Source data:
....................
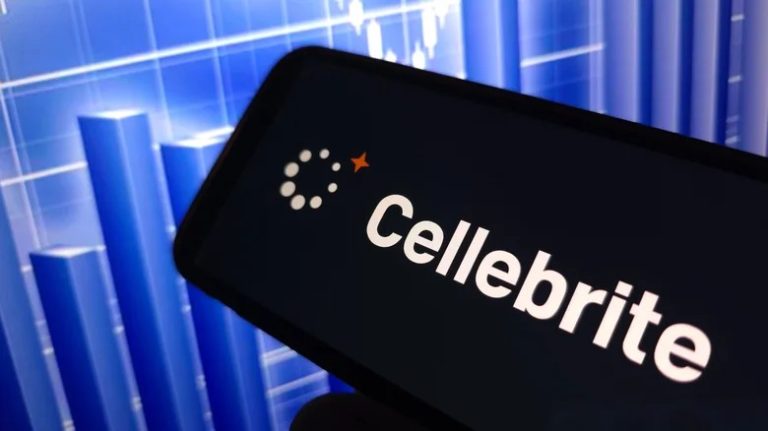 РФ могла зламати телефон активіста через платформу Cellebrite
....................
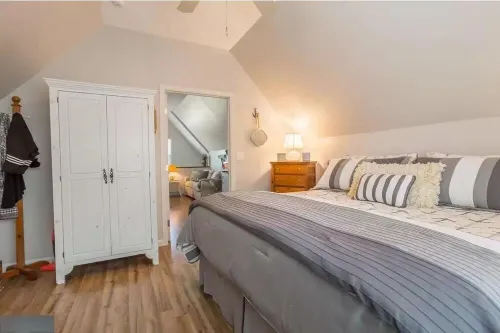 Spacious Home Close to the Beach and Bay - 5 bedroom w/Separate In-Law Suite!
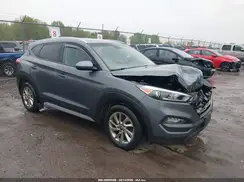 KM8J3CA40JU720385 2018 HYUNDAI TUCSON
....................
Give again the lines of the listing above that run from the one with "Spacious Home Close" up to and including the one with "KM8J3CA40JU720385 2018 HYUNDAI TUCSON". Keep them exact and omit the pictures.

Exercise solution:
 Spacious Home Close to the Beach and Bay - 5 bedroom w/Separate In-Law Suite!
 KM8J3CA40JU720385 2018 HYUNDAI TUCSON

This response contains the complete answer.